The Pursuing Vengeance
Summary
A Parisian Bouie cabinet—lacquer shimmering like blood on obsidian—crosses the Atlantic as both trophy and tomb; inside its marquetry veins rest the sapphires of Countess Simone, first jewel in a corset of crimes that cinches Manhattan’s elite. Vantine, aesthete and acquisitor, unlocks the cabinet’s mirrored womb only to drop dead, twin amethyst bruises flowering on his hand like nightshade. Detectives follow, each succumbing to the same lacework of cyanosis, until Jack Godfrey—a gum-cheeked newsboy with ink in his arteries—dons gauntlets of cold steel and stalks the artifact into Police Headquarters, where caged shadows hum. Meanwhile Crochard, continental prince of larceny, glides through Ellis Island fog with Mimi—femme-fatale as mercury—and a retinue of switchblades disguised as violin cases, all hungering for the stones that pulse within the cabinet’s false bottom. Their pas de deux with Godfrey ricochets from rooftop chiaroscuro to Hudson wharfs, climaxing in a precinct lock-up where the cabinet, now mythic reliquary, splits open to reveal not only diamonds but the gasp of a century turning on its hinge.
Synopsis
The Countess Simone, whose jewels are famous, is selected for the first victim of the band. Vantine, a noted connoisseur, has purchased in Paris a wonderfully perfect Bouie cabinet.
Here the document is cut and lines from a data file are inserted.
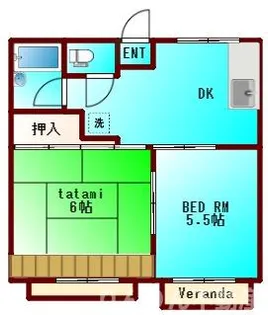 ハイツ森A・B【1階】の間取り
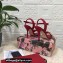 Dolce & Gabbana Heel 10.5cm Leather Chain Sandals Red 2021
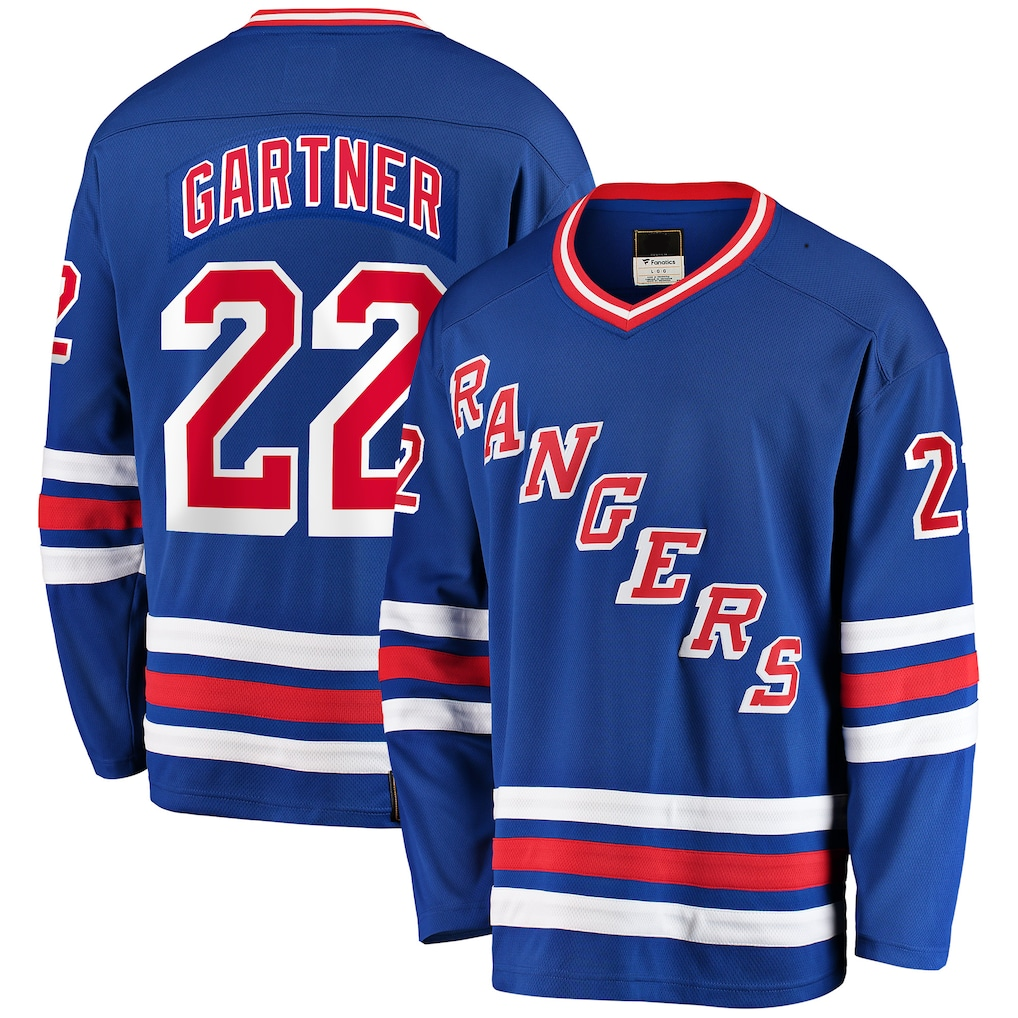 Elroe NY.Rangers #22 Mike Gartner Blue Home Breakaway Jerseys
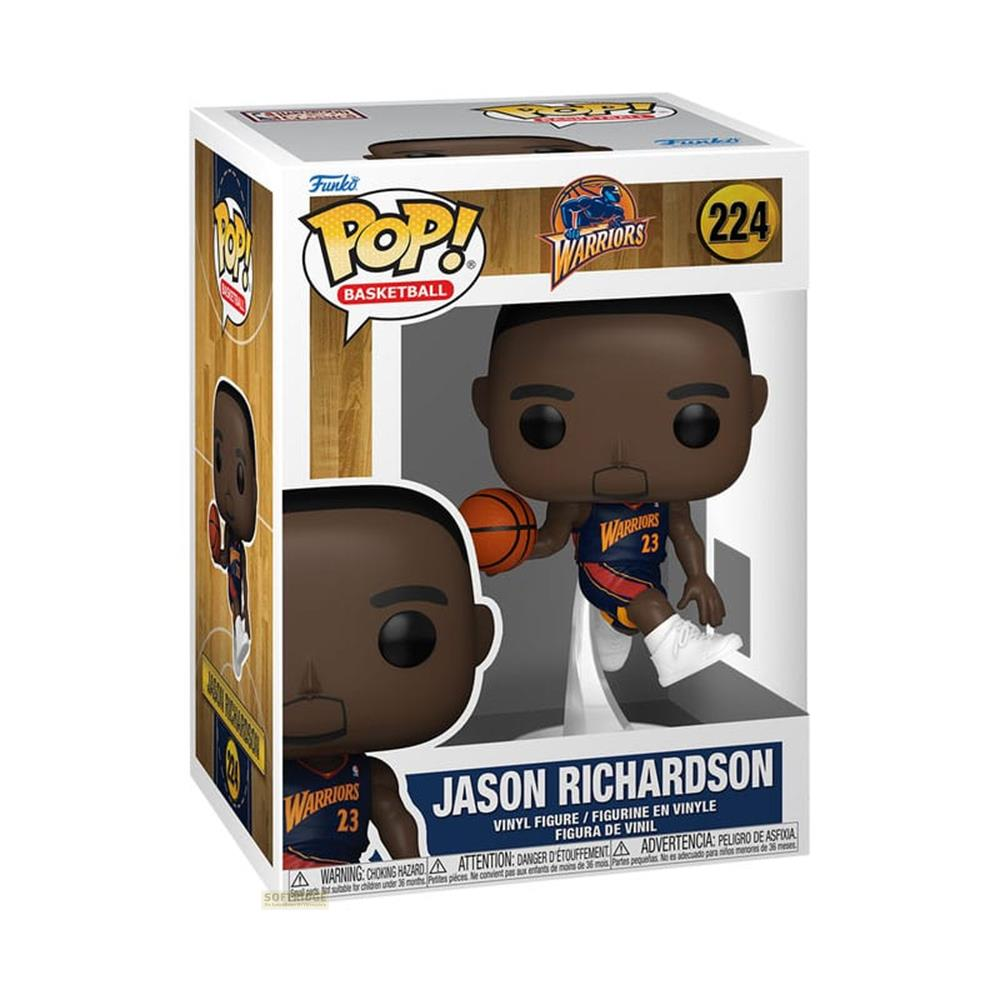 Funko Pop! Vinyl Figur von Jason Richardson in Warriors-Trikot mit Ball.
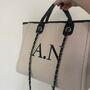 Personalised White And Black Large Chain Tote Beach Bag, thumbnail 7 of 9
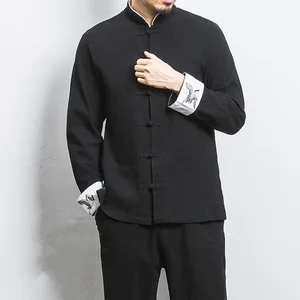 جديد رافعة التطريز أعلى الملابس التقليدية الصينية للرجال خمر نصف كم الكتان القمصان طوق صلب Madarin Hanfu Kungfu أعلى 10 مبيعات قميص صيني - No4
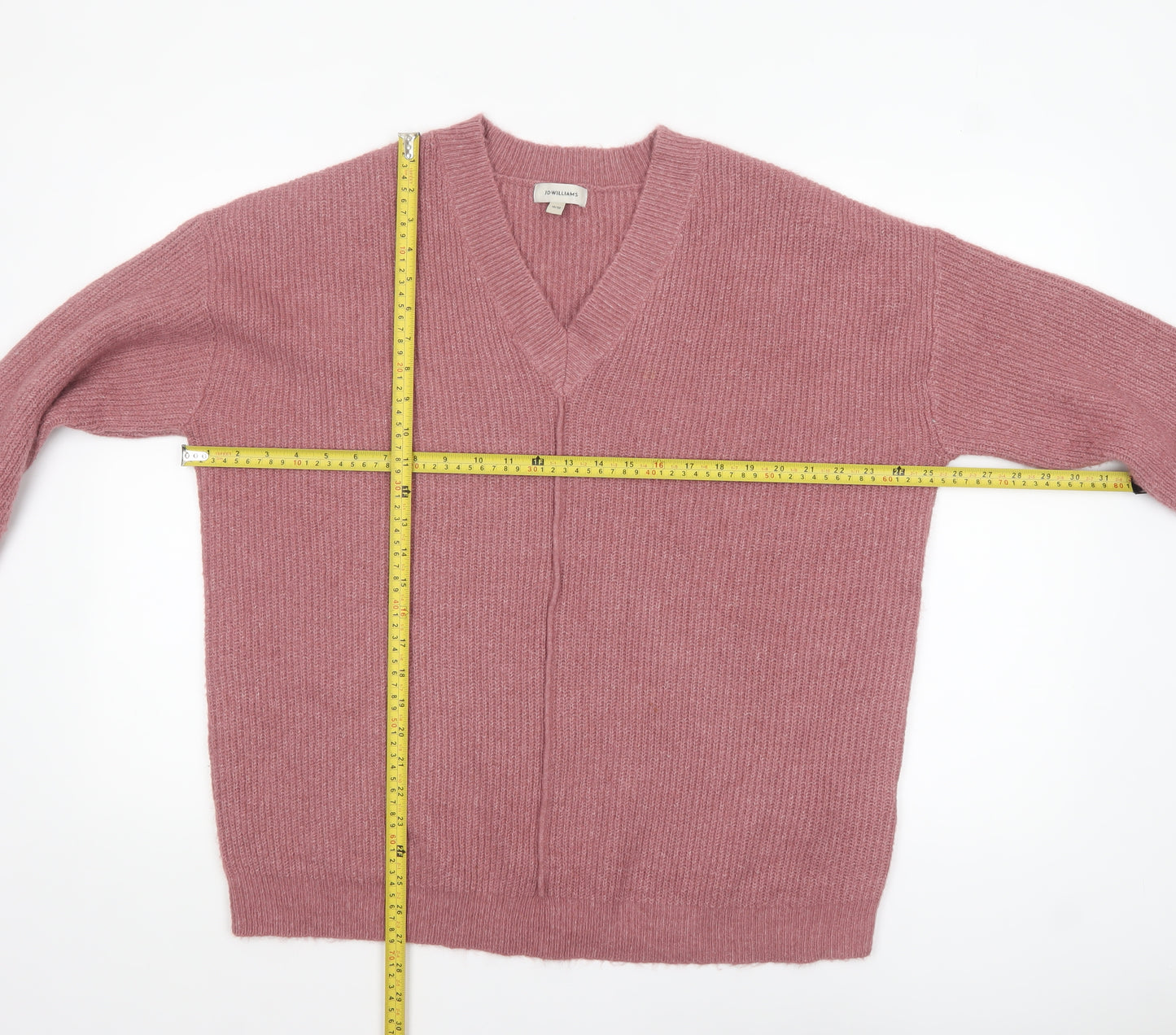 JD Williams Women’s Pink V-Neck Chunky Knit Jumper Size 16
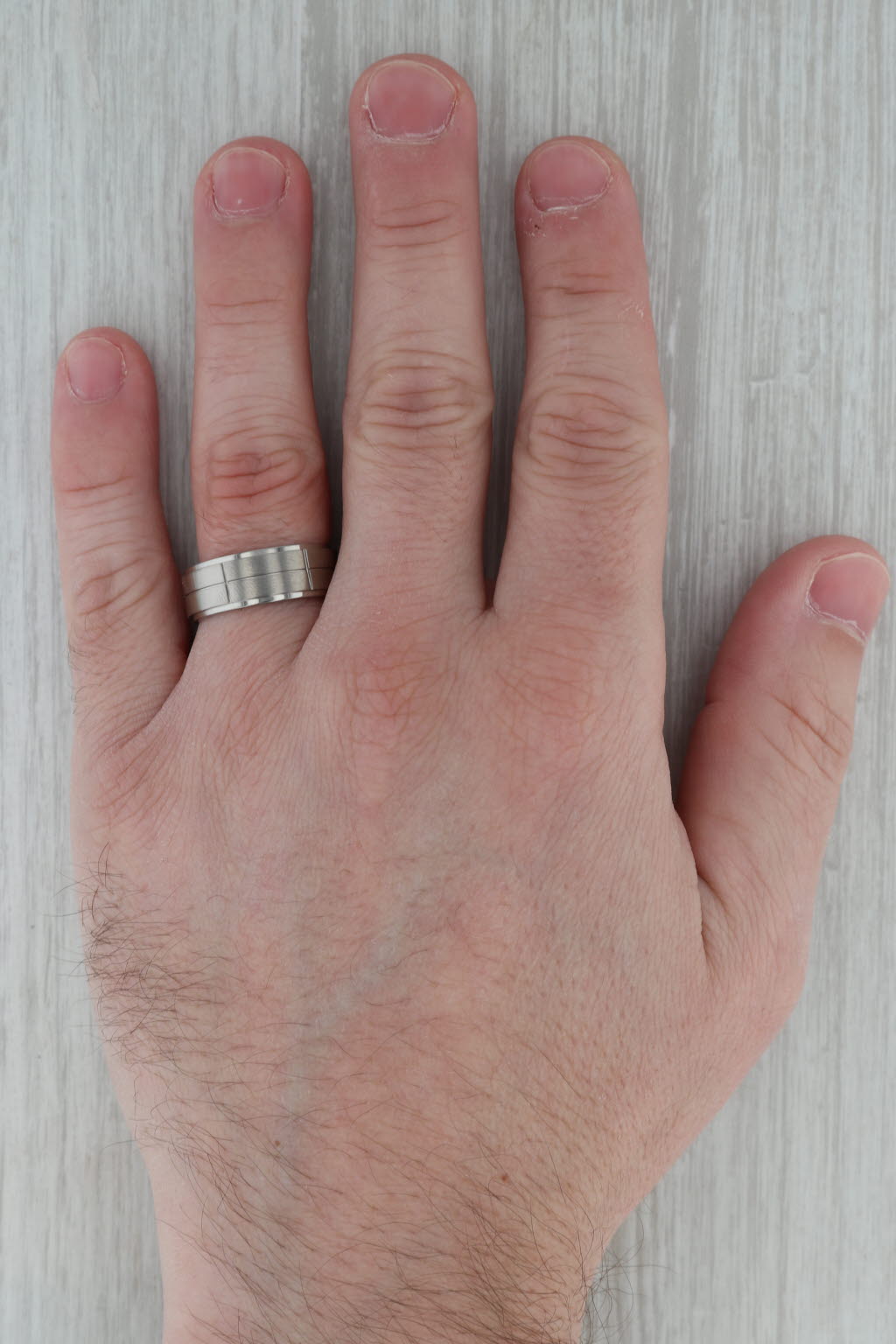 Rosy Brown New Beveled Brushed Titanium Ring Wedding Band Size 9.5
It is brought to his home in New York carrying with it Death, for Vantine, while examining it, is mysteriously slain, the only marks upon him being two livid stains on the back of his left hand. One after another investigators of the cabinet are slain in an equally unfathomable way. There appears to be no solution of the puzzle till Jack Godfrey, a "cub" reporter tackles the circumstances. Godfrey, armed with steel gloves, undertakes to discover the secret of the murderous cabinet. In the meantime, Crochard, the international crook, who has used the cabinet as a hiding place for part of his booty, pursues it to America, together with Mimi, his accomplice, and others of his retinue. Through a skillful ruse he gains access to the death-cabinet which has become so deadly that the police have seized it and placed it in a cell at "Headquarters." Disgusted as the detective, who has followed him across the Atlantic, Crochard exercises his cunning and his wits and makes a laughing stock of the man set on his trail. The climax is startling.